For this case *gcp-nuke* supports presets of filters, that can applied on
multiple accounts. A configuration could look like this:
```yaml
---
regions:
- global
- us-central1
account-blocklist:
- bootstrap-12345
accounts:
playground-12345:
presets:
- "common"
dev-9484:
presets:
- "common"
- "terraform"
sandbox-134313:
presets:
- "common"
- "terraform"
filters:
IAMRole:
- "notebook"
presets:
terraform:
filters:
StorageBucket:
- type: glob
value: "my-statebucket-*"
DynamoDBTable:
- "terraform-lock"
common:
filters:
IAMRole:
- custom-role
```
## Included and Excluding
*gcp-nuke* deletes a lot of resources and there might be added more at any release. Eventually, every resource should
get deleted. You might want to restrict which resources to delete. There are multiple ways to configure this.
One way are filters, which already got mentioned. This requires to know the identifier of each resource. It is also
possible to prevent whole resource types (eg `StorageBucket`) from getting deleted with two methods.

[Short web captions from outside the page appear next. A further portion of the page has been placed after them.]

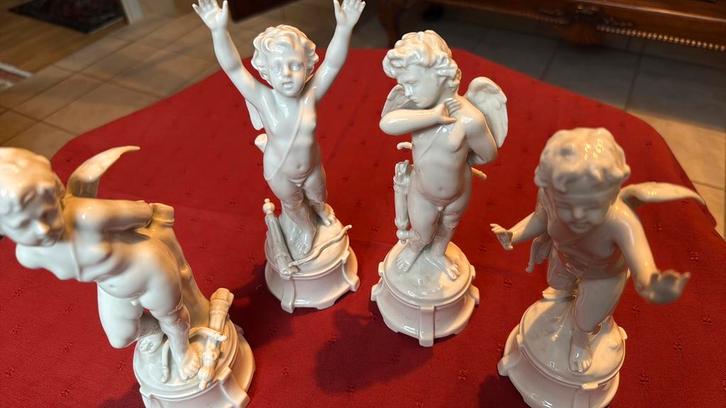 4 tekens, Antiek en Kunst, Antiek | Porselein, Ophalen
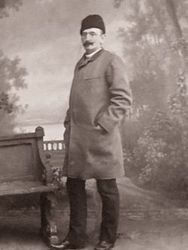 Stanisław Dzierżykraj – Morawski
h. Nałęcz,
1850 – 1908, z arch. rodz. Elżbiety Wołodkowicz- Morawskiej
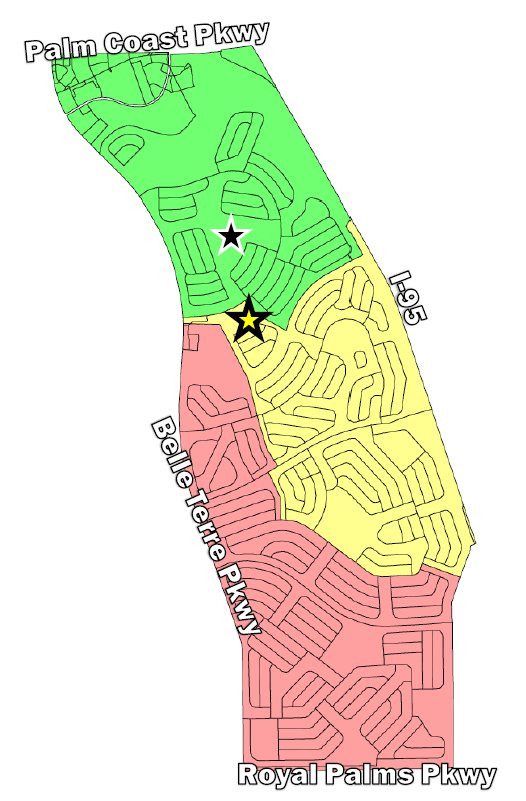 Precincts 15, 16, and 17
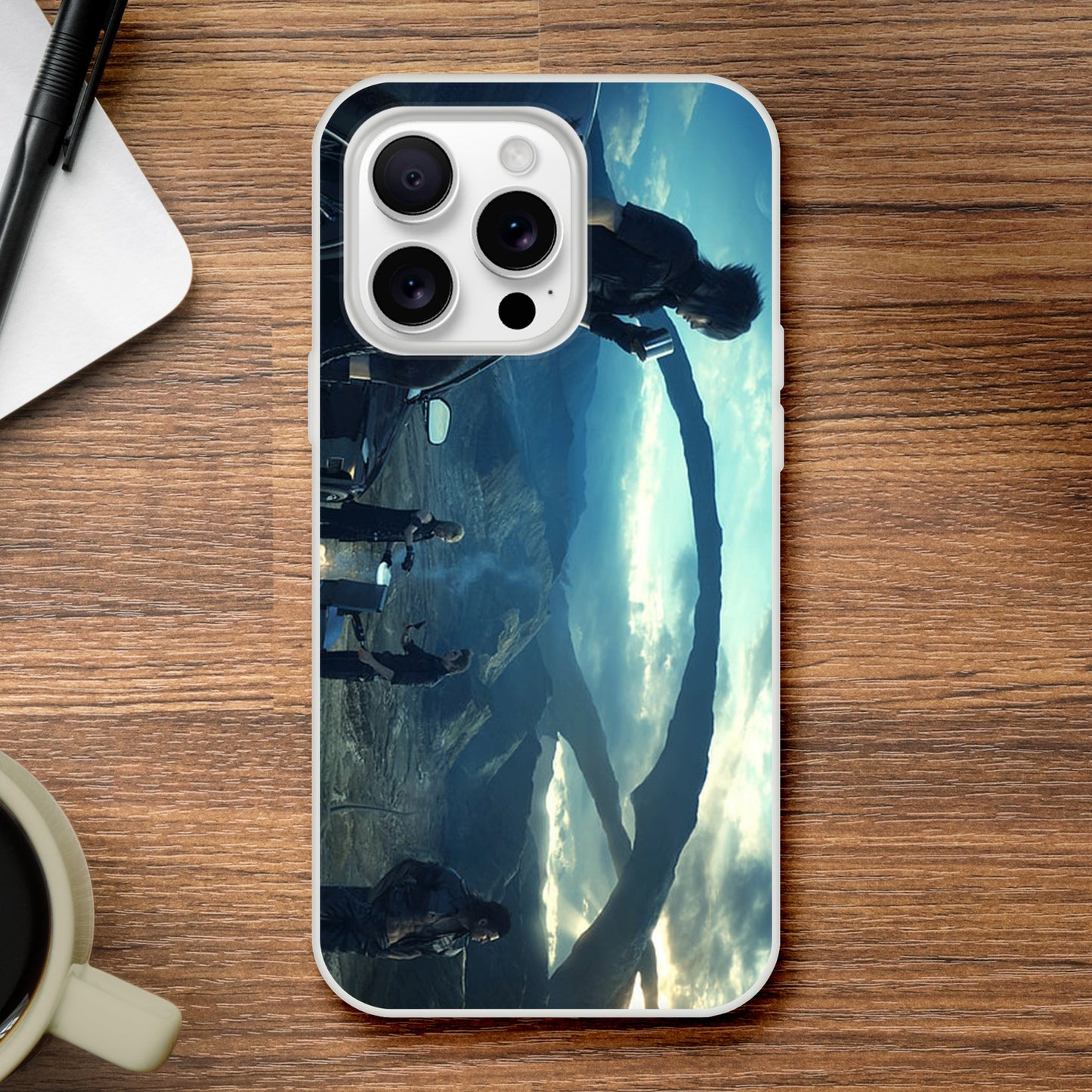 Final Fantasy inspired Flexi case - Diverso shop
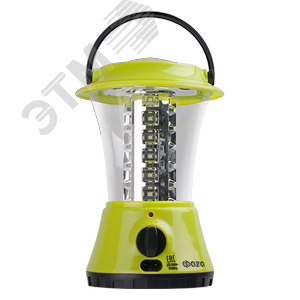 Изображение товара Фонарь аккумуляторный AccuF5-L36-gn зеленый (шт)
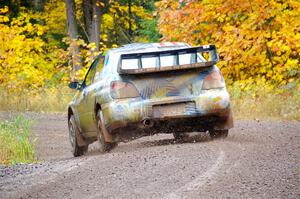 Matt James / Jackie James Subaru Impreza on SS3, Bob Lake I.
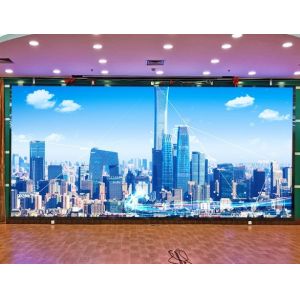 1500cd/sqm Indoor Fixed LED Screen P2.5 P3 P4 Video Wall LED Display
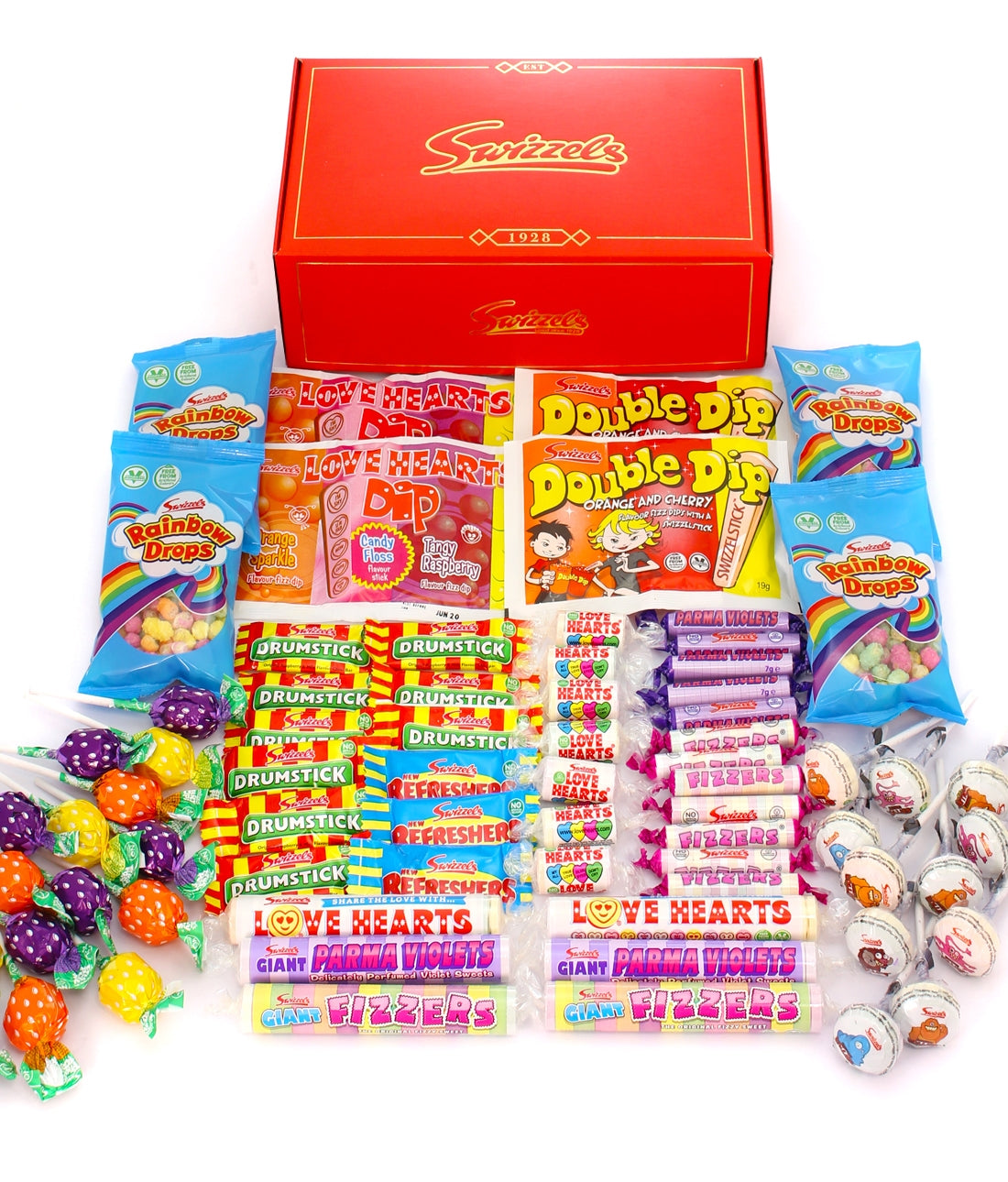 Personalised Ultimate Vegan Indulgence Gift Box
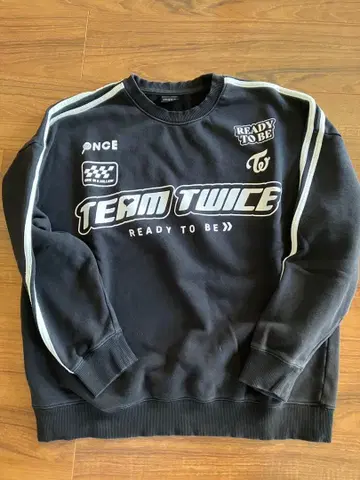 TWICE 맨투맨 READY TO BE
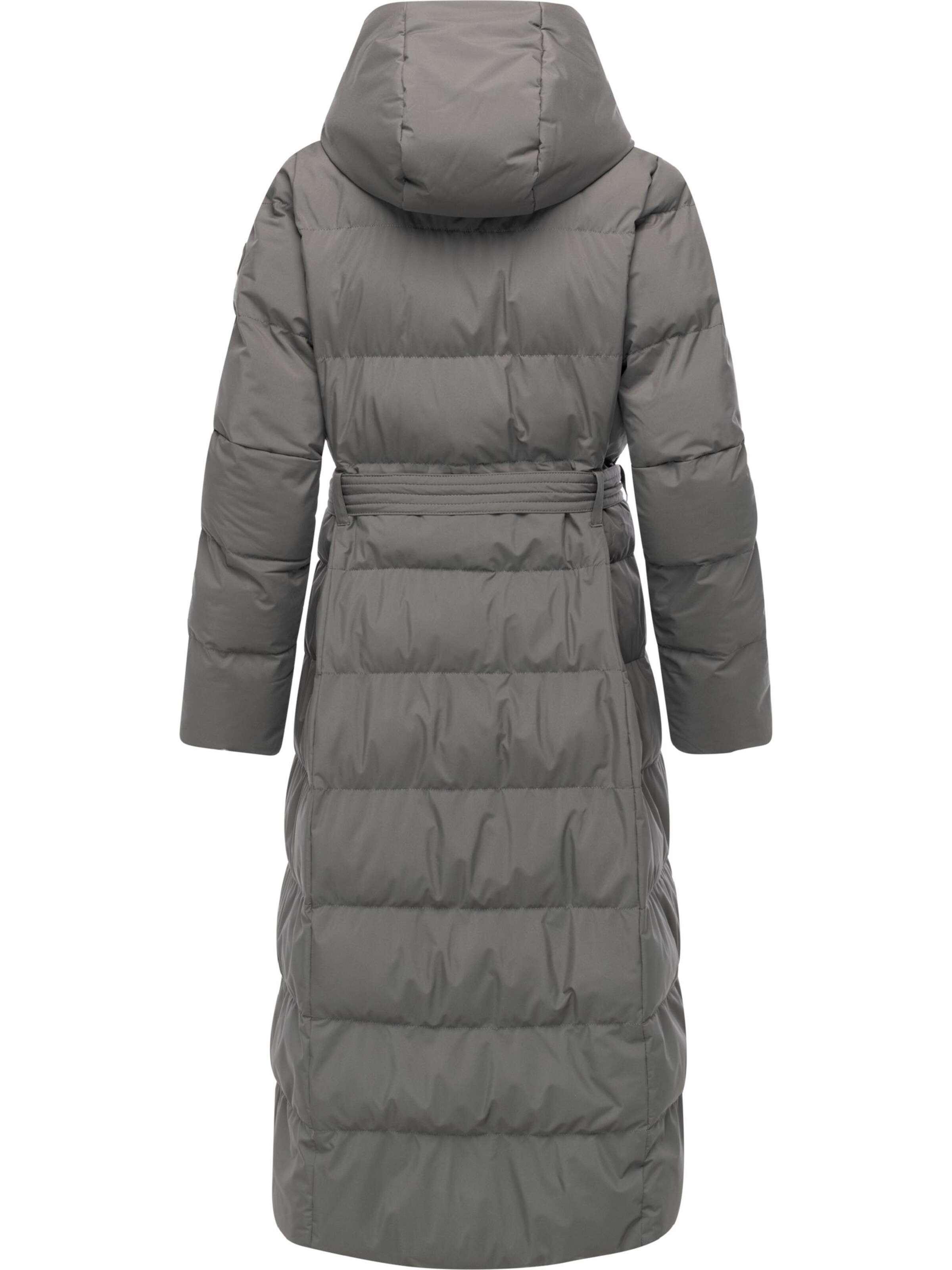 Ragwear Wintermantel 'Niani' in Grau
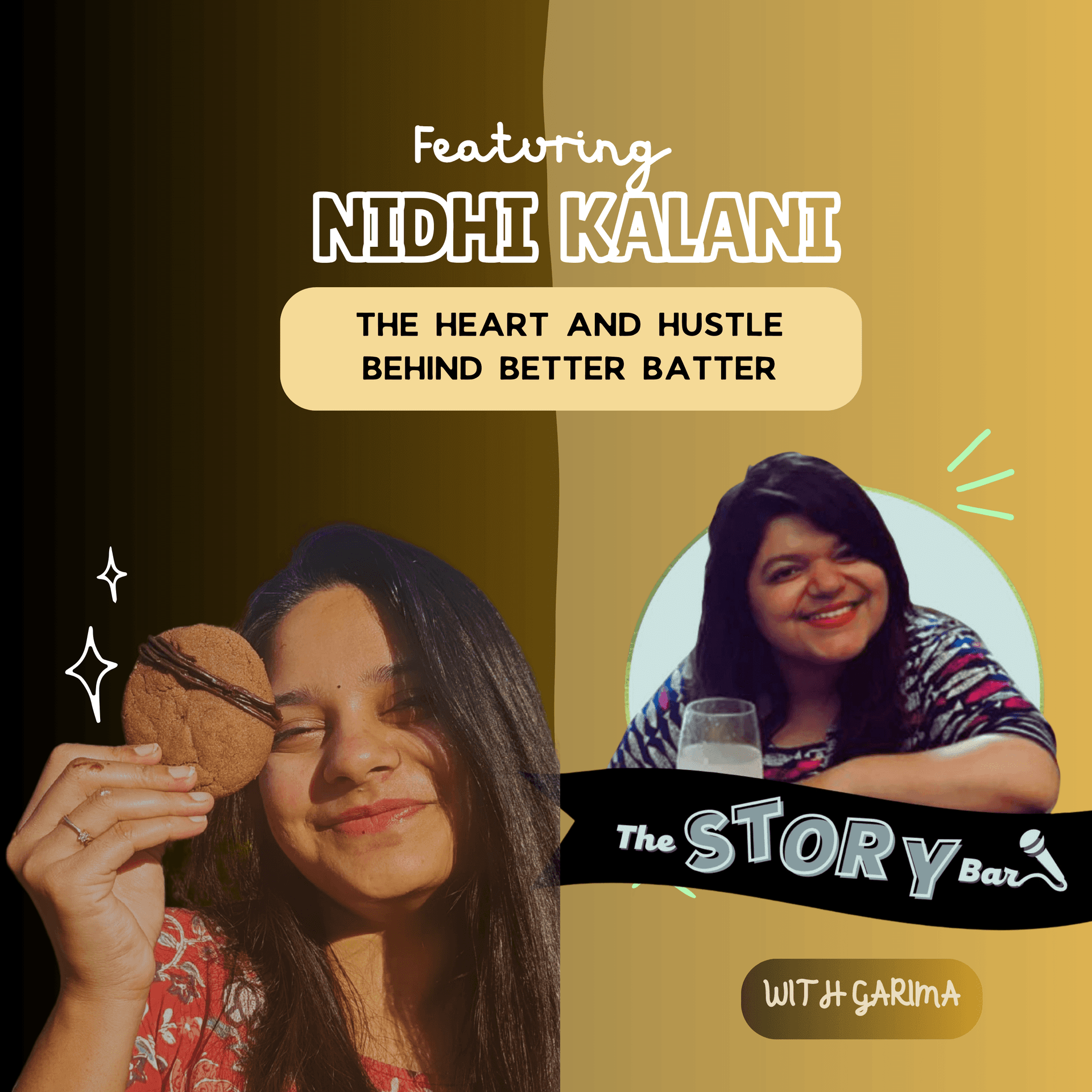 The Heart & Hustle Behind Better Batter - The Story Bar cover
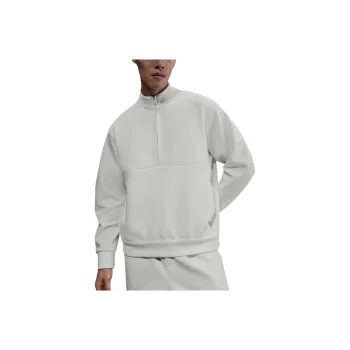 Nike 24.7 ImpossiblySoft Men's Dri FIT 1/2 Zip Top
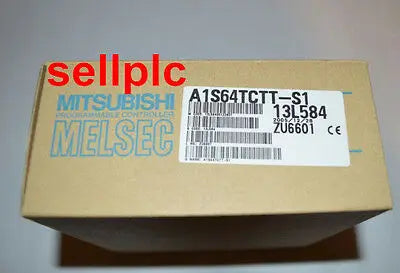 New in box Mitsubishi PLC A1S64TCTT-S1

It is also possible to configure the resource types in the config file like in these examples:
```yaml
regions:
- us-central1
blocklist:
- playground-12345
resource-types:
# Specifying this in the configuration will ensure that only these three
# resources are targeted by gcp-nuke during it's run.
includes:
- StorageBucketObject
- StorageBucket
- IAMRole
accounts:
playground-12345: {}
```
```yaml
regions:
- us-central1
blocklist:
- production-12345
resource-types:
# Specifying this in the configuration will ensure that these resources
# will be specifically excluded from gcp-nuke during it's run.
excludes:
- IAMRole
accounts:
playground-12345: {}
```
If `includes` are specified in multiple places (e.g. CLI and account specific), then a resource type must be specified
in all places. In other words each configuration limits the previous ones.
If an `exclude` is used, then all its resource types will not be deleted.
**Hint:** You can see all available resource types with this command:
```bash
gcp-nuke resource-types
```
It is also possible to include and exclude resources using the command line arguments:
- The `--include` flag limits nuking to the specified resource types.
- The `--exclude` flag prevent nuking of the specified resource types.